L'analogie avec le développement de la culture est évidente. Ferry lui-même admet que beaucoup de non humains sont capables d'innovation à titre individuel . Il en est ainsi chez les chimpanzés ; chaque individu, loin de simplement reproduire un comportement préprogrammé, apporte du nouveau. C'est là un fait que ni Ferry, ni aucun éthologiste moderne, ne conteste. Les chimpanzés sont également capables de transmettre ces inventions à leur groupe ; les chimpanzés communs auxquels on a appris un langage gestuel le transmettent à leurs enfants. On peut donc se demander : étant donné les caractéristiques moyennes individuelles des chimpanzés, et les caractéristiques collectives des groupes où ils vivent (taille, environnement...), les innovations et autres variations individuelles seront-elles conservées et amplifiées, donneront-elles naissance dans le groupe à une réaction en chaîne d'innovations, ou au contraire, au bout d'une ou plusieurs générations, seront-elles perdues ? En d'autres termes, le groupe retourne-t-il toujours, malgré les variations individuelles, vers un même comportement moyen, vers un même « attracteur » comme disent les physiciens, ou au contraire les variations individuelles sont-elles, au moins dans certains cas, à l'origine d'une divergence imprévisible dans le comportement, d'une explosion culturelle ?

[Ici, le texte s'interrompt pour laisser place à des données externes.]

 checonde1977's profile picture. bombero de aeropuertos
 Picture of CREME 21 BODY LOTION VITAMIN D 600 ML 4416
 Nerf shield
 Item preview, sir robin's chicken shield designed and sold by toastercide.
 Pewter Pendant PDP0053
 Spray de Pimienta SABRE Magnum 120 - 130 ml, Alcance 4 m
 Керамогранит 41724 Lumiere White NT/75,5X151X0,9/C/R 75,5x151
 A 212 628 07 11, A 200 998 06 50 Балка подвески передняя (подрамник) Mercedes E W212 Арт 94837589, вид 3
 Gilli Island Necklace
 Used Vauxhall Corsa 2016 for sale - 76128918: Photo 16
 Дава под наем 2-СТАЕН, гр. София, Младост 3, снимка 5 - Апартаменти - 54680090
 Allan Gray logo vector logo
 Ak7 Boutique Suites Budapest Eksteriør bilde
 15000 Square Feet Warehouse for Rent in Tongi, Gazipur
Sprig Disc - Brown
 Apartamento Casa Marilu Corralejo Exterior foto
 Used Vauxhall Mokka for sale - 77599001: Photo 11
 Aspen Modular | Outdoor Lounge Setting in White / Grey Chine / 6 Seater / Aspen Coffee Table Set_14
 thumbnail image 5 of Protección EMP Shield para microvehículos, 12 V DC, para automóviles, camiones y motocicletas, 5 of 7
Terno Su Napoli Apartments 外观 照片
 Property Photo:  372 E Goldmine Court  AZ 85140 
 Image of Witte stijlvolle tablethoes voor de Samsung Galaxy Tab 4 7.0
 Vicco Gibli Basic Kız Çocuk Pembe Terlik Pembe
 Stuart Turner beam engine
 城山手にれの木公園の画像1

L'observation suggère la réponse suivante : chez deux des trois espèces de chimpanzés, la capacité de transmission et de conservation des innovations est inférieure au seuil nécessaire pour qu'il y ait amplification. Les chimpanzés communs et nains vivent aujourd'hui à peu près comme il y a dix mille ans, malgré les innovations individuelles incessantes - celles-ci ne se sont pas accumulées, mais au contraire se sont amorties et ont été perdues par le groupe. On peut dire, avec Ferry, que chez ces chimpanzés il n'y a pas de culture ; dans la moyenne, le comportement collectif est déterminé par les gènes et par l'environnement, et varie au cours du temps avec ces facteurs. Par contre, chez la troisième espèce de chimpanzé - Homo sapiens - il y a, dans certaines circonstances, amplification. Ferry note l'existence de nombreuses populations humaines qui jusqu'à tout récemment vivaient sans histoire, reproduisant à chaque génération la même culture ; on peut se demander si dans ces cas on peut parler de culture. On peut se dire que l'humanité n'est pas très loin au-dessus du seuil. Il reste que l'espèce humaine vit aujourd'hui une explosion culturelle - dominée par la culture occidentale, qui se trouva être la première à initier la réaction.